Türk yazar ve ozanların eserlerini Akzente ve Orte gibi dergilerde yayımlanmak
üzere Almanca'ya
çevirdi. ZDF ve ARD gibi Alman TV kanallarında 25 yıl boyunca muhabirlik yaptı.
Max Frisch,
Heinrich
Böll, Siegfried Lenz, Jerzy Stefan Stawinkley,
Hans Magnus Enzensberger, Bertolt
Brecht, Thomas Bernhard, Gustav Meyrink eserlerini
Almanca'dan Türkçe'ye; Ferit Edgü, Demir
Özlü ve Başar Sabuncu ise eserlerini Türkçe'den Almanca'ya
çevirdiği yazarlar arasındadır. Ayrıca Orhan Duru'yla birlikte yazar Oğuz Halûk Alplaçin'in
(Hayalet Oğuz) hayatı üzerine O Pera’daki Hayalet kitabını hazırladı.
Sezer
Duru, deyiş yerindeyse, üç tarafı denizlerle çevrili bir ‘edebiyat adası’dır:
Kardeşi Tezer Özlü, ağabeyi Demir Özlü ve eşi Orhan Duru, bilindiği gibi,
edebiyatımızın önemli isimlerindendirler. Kuşkusuz, Sezer Duru da öyle… [Sezer
Hanım, Birgün gazetesinden Saliha Yadigar’a, 29 Eylül 2007 yılında verdiği
röportajda, esprili bir dille değinir bu hususa: “Ben nihayet yazar değilim, çevirmenim ama
gizli bir yazarım belki. Çünkü benim çeviriye geçmem... Bu kadar yazar
çevresinin içinde büyüdüm. Kardeş yazar, koca yazar, kız kardeş yazar... Şimdi
ben ne yapayım dedim. Bunların altında ezilir insan. Ben bari çevirmen olayım.

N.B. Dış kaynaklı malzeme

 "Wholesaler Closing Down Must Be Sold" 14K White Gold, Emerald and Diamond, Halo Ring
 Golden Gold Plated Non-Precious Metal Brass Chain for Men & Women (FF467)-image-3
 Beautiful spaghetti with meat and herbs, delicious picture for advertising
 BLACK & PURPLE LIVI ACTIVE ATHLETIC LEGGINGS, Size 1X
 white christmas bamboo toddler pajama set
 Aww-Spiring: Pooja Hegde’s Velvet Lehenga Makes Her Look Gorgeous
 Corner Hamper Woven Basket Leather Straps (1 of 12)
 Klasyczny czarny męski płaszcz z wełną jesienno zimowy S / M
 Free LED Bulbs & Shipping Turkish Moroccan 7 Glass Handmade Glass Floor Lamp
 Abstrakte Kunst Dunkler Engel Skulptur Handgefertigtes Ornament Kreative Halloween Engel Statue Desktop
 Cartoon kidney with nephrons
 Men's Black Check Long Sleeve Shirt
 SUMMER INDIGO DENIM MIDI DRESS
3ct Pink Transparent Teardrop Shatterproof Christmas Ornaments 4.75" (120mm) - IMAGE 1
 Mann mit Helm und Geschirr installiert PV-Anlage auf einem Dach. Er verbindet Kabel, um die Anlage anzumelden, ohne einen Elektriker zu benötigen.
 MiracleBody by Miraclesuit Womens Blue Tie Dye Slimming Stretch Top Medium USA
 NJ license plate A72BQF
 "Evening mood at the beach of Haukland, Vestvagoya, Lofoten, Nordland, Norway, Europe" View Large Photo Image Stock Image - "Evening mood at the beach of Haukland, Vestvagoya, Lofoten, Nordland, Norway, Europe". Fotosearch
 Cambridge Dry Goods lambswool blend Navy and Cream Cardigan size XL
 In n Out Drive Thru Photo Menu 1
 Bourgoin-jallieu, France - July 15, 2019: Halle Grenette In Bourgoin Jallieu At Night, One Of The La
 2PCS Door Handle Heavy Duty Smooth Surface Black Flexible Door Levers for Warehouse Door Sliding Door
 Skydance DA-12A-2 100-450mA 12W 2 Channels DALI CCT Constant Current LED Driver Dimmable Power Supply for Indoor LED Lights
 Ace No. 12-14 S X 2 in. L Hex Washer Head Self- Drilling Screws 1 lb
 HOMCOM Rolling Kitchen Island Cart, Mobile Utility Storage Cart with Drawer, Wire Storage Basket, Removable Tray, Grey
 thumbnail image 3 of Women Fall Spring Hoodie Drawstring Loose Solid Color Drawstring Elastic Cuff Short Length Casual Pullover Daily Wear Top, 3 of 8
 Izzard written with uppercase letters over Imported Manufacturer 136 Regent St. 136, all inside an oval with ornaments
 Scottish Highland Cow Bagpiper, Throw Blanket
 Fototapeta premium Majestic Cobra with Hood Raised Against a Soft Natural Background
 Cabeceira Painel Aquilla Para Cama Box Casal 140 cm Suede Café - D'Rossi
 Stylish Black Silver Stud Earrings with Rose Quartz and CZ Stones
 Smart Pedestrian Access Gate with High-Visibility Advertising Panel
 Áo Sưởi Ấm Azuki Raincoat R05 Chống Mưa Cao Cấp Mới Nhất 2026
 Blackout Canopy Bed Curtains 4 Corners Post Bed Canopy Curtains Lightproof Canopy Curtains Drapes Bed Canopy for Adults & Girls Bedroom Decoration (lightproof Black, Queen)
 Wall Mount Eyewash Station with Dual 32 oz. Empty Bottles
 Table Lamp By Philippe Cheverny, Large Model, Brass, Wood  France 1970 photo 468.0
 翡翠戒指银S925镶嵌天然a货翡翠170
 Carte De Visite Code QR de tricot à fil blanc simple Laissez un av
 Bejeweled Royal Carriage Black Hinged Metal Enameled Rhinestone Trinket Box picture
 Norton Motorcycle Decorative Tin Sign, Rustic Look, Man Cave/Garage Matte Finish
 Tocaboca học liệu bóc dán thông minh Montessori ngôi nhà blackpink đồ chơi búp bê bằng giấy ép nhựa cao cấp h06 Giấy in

Ben bu yolu seçtim. Ama şimdi başladım ben de yazmaya kendime göre bir şeyler…”
Sezer Duru’nun, eğer, bir zamanlar, IGO
(International Gossiping Organization) adlı bir ‘dedikodu örgütü’ kurduğu ve
Prof. Dr. İlber Ortaylı’yı da bu örgüte üye yaptığı gerçeğini ‘ifşâ’ edersem
(!), yukarıdaki açıklamasının ironikliği
anlaşılacaktır. (Bkz: “Zaman Kaybolmaz / İlber Ortaylı Kitabı”, Söyleşi: Nilgün
Uysal, Türkiye İş Bankası Kültür Yayınları, 2006, sayfa 414). Yine bu
röportajda, genç yaşında ölen kardeşi Tezer Özlü için, “Onun ölümü benim yarımı
aldı, götürdü” der Sezer Duru. Ardından da ekler: “Geçenlerde bir İsrailli şair
bir şiir yazdı benim için de, orada bir bölüm var, çok güzel.” Bu röportaj
yayımlandığında, “Likya’ya Mektuplar” kitabı ortada yoktu elbette; çıkmasına,
dört yıl vardı daha. Kitap yayımlanınca gördük ki, o İsrailli şair İsrael Bar
Kohav’mış. Sezer Duru’nun bahsettiği şiir de, bu kitabın son sayfalarında yer
alan “Sezer ve kenti için” altbaşlıklı “İstanbul” şiiri. İşte o şiirdeki –Sezer
Hanım o röportajda dikkat çektiği-, Tezer Özlü’yle ilgili dizeler: “Yakup’un
meyhanesinde tam karşıda öyküler tanrıçası / Tezer özlü, bakıyor tıpkı İstanbul’un
beyaz laleleri gibi / Duvardan aşağıya, soluk gülümsemeyle- / Senin sevginin
yarısını alıp götürüyor / Ölümüyle, sen taşlarla bezenmiş boşlukta / Kalıyorsun
hasret içinde …” ]
Girişte,
“mektuplaşmaları” dedim ama; yalnızca İsrael Bar Kohav’ın mektupları var. Sezer
Duru, kitaba yazdığı önsözde (sayfa V-VII), kendi yazdıkları mektupları neden
yayımlamadığına değinmemiş. Bu kitabı neşretme nedenini şöyle belirtmiş:
“Yazışmalarımızın bir kısmını yayımlamaktaki amacım kadın erkek ilişkilerini,
ister cinsellikte ister dostluklarda olsun hâlâ seviyeli bir düzeye
erişemediğini düşündüğüm bir ülkede tartışılması gerektiğine duyduğum umuttur.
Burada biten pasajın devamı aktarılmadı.